C'est dans cette maison qu'on a retrouvé son corps, les voisins s'étant alarmés des lumières restant allumées en plein jour et de la porte restée ouverte, battant au vent. Un coup de fusil, l'arme de la maison, accrochée au mur (chargée!) et donc sans doute pas de préméditation. Un rôdeur ? Un amant... La piste du voleur est vite abandonnée. On arrête un amant. Il nie mais se pend. Il survit mais le cerveau a manqué d’oxygène... On ne saura peut-être jamais. C'est que parmi les garçons dont elle avait tourné la tête en son jeune âge, il semble qu'il y en ait qui l'aient gardée comme un fantasme de ce que leur vie aurait pu avoir de plus réussi, de plus flamboyant. Le regard des hommes sur les femmes, qui donnerait à ces dernières, des obligations... Encore un féminicide.
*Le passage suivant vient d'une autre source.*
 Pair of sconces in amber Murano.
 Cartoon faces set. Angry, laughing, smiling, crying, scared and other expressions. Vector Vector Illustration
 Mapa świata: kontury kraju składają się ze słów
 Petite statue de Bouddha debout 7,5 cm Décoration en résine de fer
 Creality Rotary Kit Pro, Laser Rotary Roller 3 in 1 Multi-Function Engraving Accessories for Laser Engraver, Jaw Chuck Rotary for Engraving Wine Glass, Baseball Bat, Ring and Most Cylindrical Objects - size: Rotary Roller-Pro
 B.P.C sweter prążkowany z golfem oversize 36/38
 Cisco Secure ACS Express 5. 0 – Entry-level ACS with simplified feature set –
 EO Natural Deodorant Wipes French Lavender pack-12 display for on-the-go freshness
Le récit de tout cela nous est fait par un autre notable, car fils de l'ancien médecin. Mais, artiste, il a tenté de se faire un nom dans la peinture, et même, il peint encore, dans une grange aménagée en atelier. Mais pour faire bouillir la marmite, il compte tout de même davantage sur son poste assez modeste de guide-conférencier et gardien du musée de la ville. Lui aussi, nous confie-t-il, avait en son temps, eu et perdu les faveurs de la jeune-fille. Et, adepte de la marche, même sous cette pluie qui ne cessera pas de tout le livre, il avait beaucoup tourné autour de la-dite maison, hésitant à aller la revoir.
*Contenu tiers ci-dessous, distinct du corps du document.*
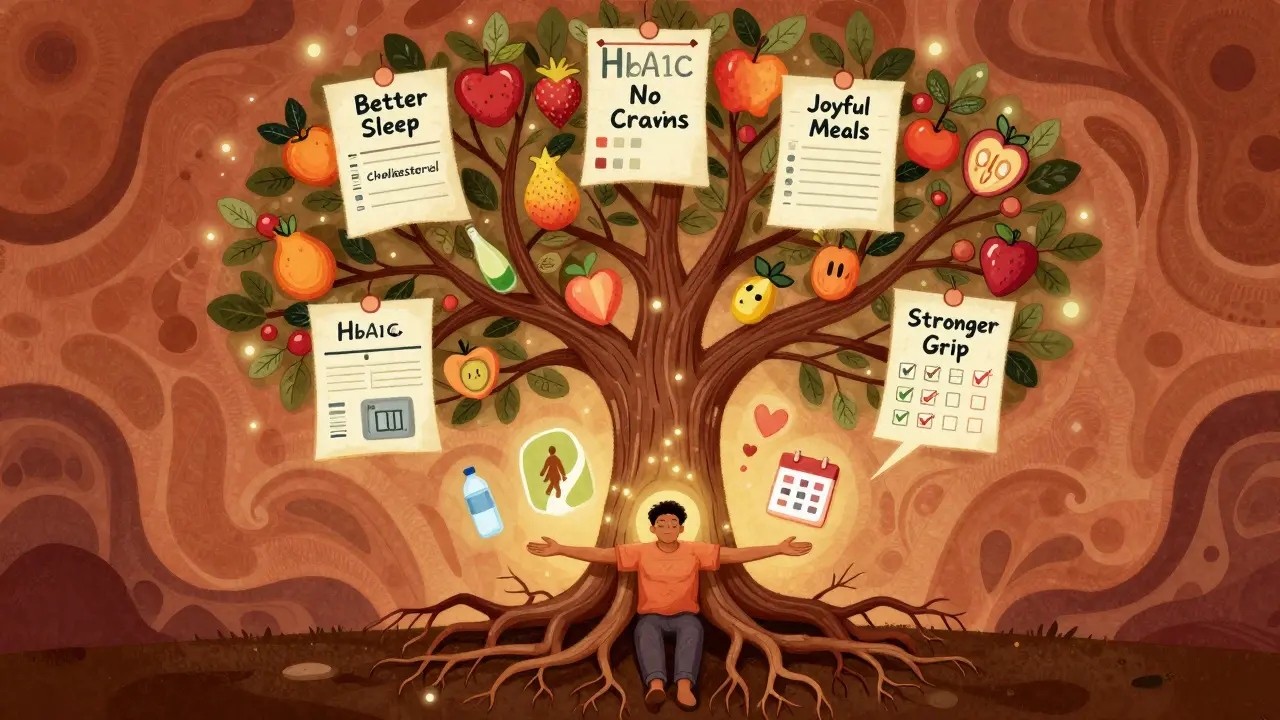 A tree with health lab roots and fruits labeled with non-scale wins, under a peaceful person in vibrant psychedelic illustration.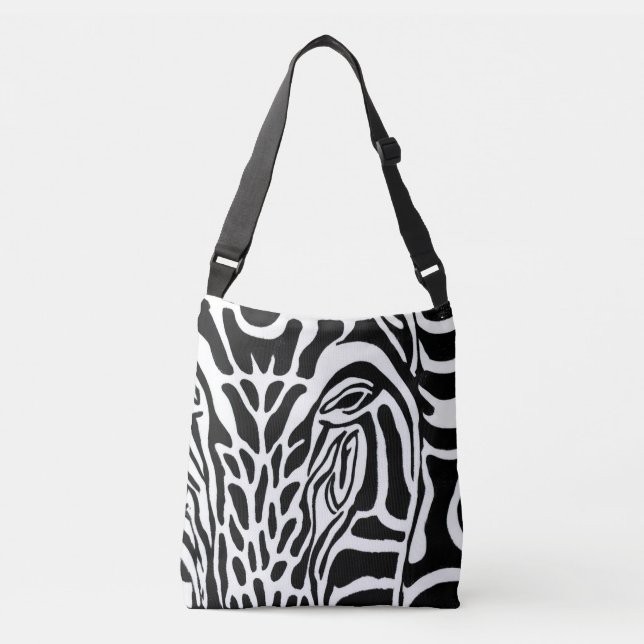 Zebra Print - Crossbody Tote Bag (Front)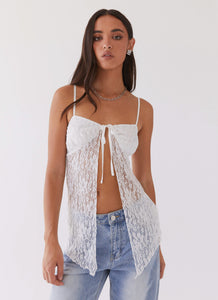 Pick Of The Bunch Lace Tie Top - White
C'est ce qu'il dit du moins, car le lecteur suspicieux se demande dès le départ si ce narrateur si bien informé n'aurait pas des allures de témoin, voire de suspect, voire d'assassin.
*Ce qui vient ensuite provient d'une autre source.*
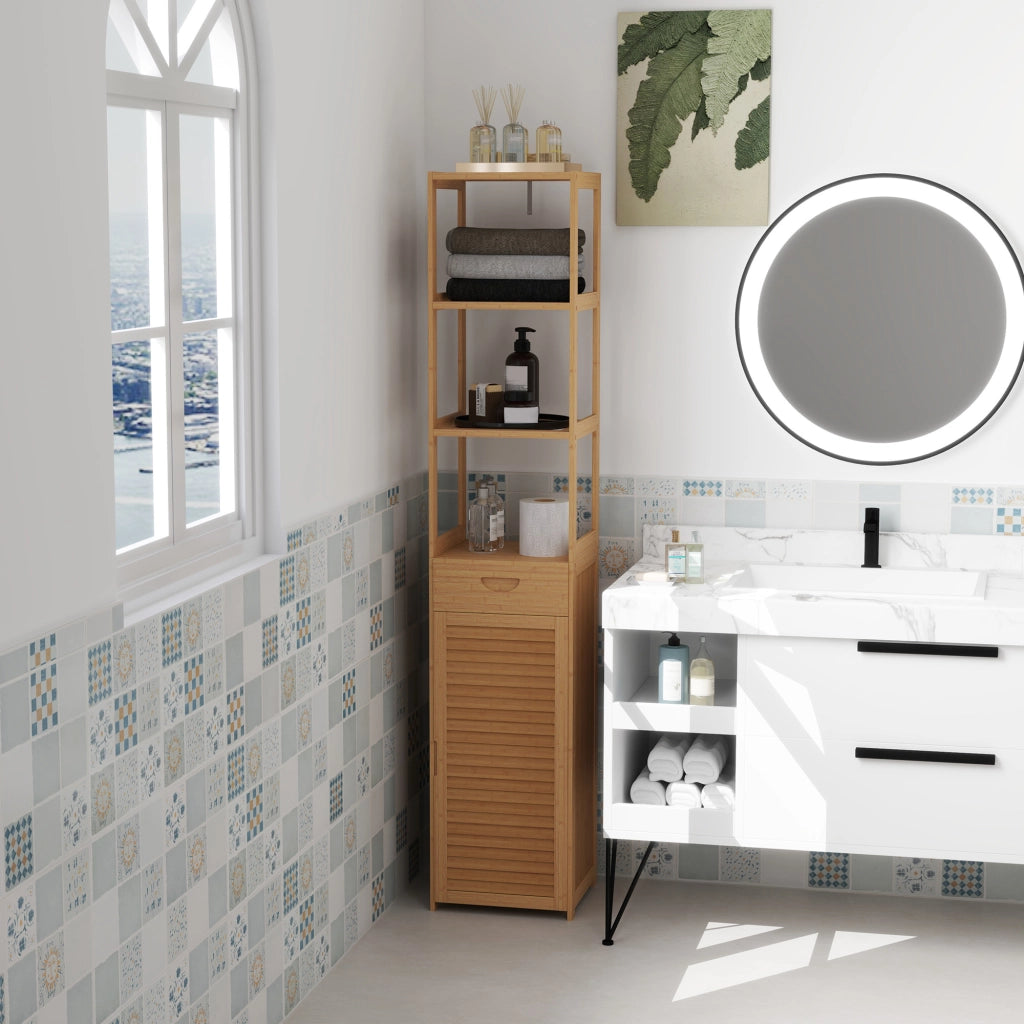 Mobile da Bagno ¨C Zephmum ¨C Bamb¨´, 3 Ripiani, Cassetto, 32x30x163 cm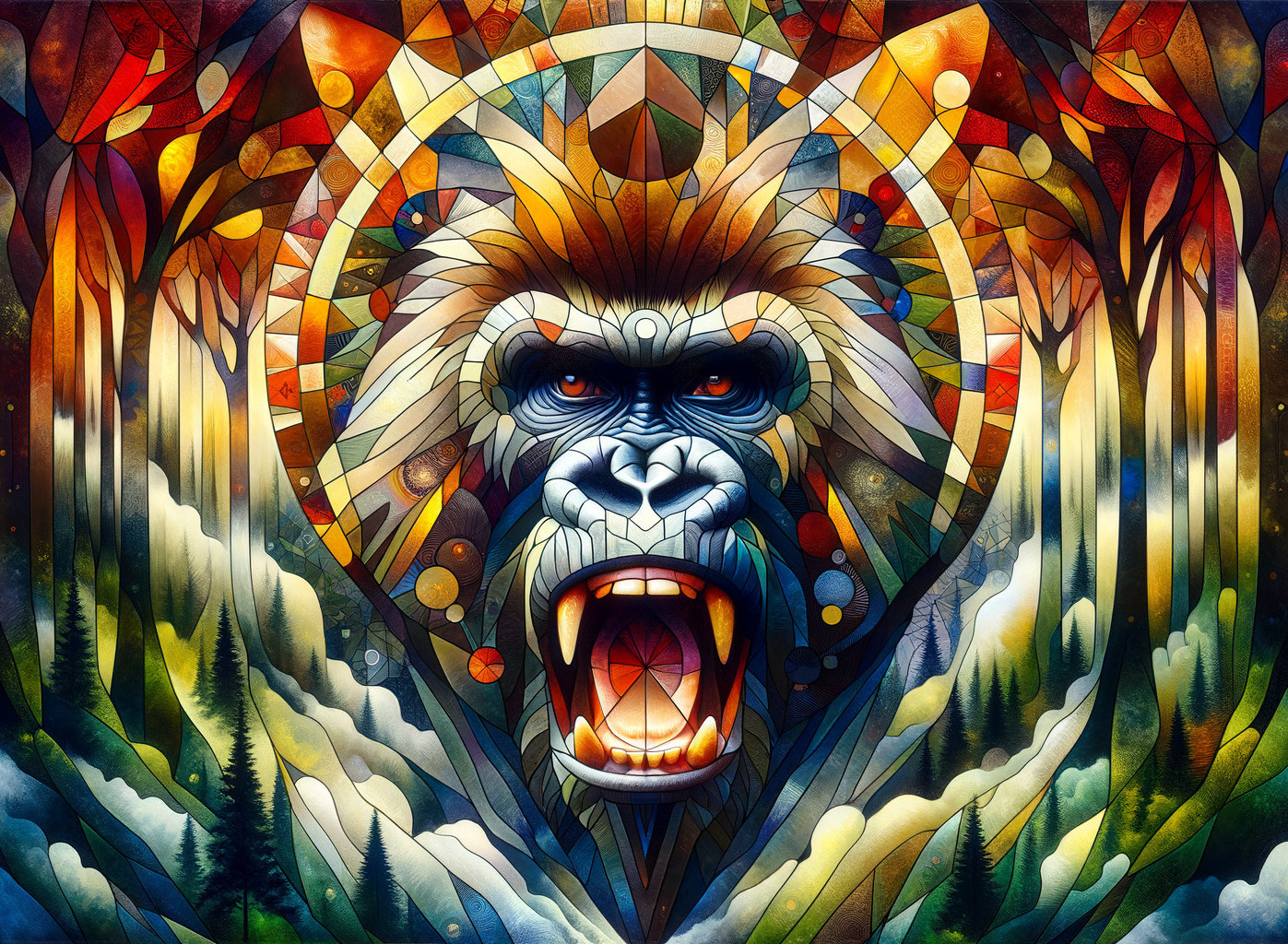 Stylized gorilla head with geometric patterns and colors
Et le lecteur n'est peut-être pas le seul, car son ami le commissaire Massonneau, mine de rien, lui pose beaucoup de questions et semble tourner autour de lui comme un gros chat autour d'une souris. Il en est conscient. "Massonneau était un brave type, mais c'était difficile de savoir ce qu'il avait exactement dans la tête."
Mais il semblerait bien qu'en fait, ce soit deux gros matous que nous ayons là, quant à la souris, ça fait longtemps qu'elle est mangée.
Un roman tout en atmosphère. On est loin du thriller. La province ouatée, les rumeurs, les non-dits. Ce qui se fait et ce qui ne se fait pas, ce qu'on sait et ce dont on parle. Et cette pluie, cette pénombre d'hiver qu'aucun néon ne vient éclater. Beaucoup d'images très poétiques. Les rues vides, le parc ensauvagé, le cimetière, les chrysanthèmes... Beaucoup de points de suspensions dans mon commentaire, vous l'aurez compris, c'est qu'ils correspondent exactement à l'ambiance créée, tout ce qui se sait, se devine, mais qui n'est pas dit, ce que l'on met en branle et qui se fait tout seul, après.
C'était mon deuxième Dominique Barbéris et il y aura très certainement un troisième, car moi, j'aime ce genre de livres aussi, profonds et subtils.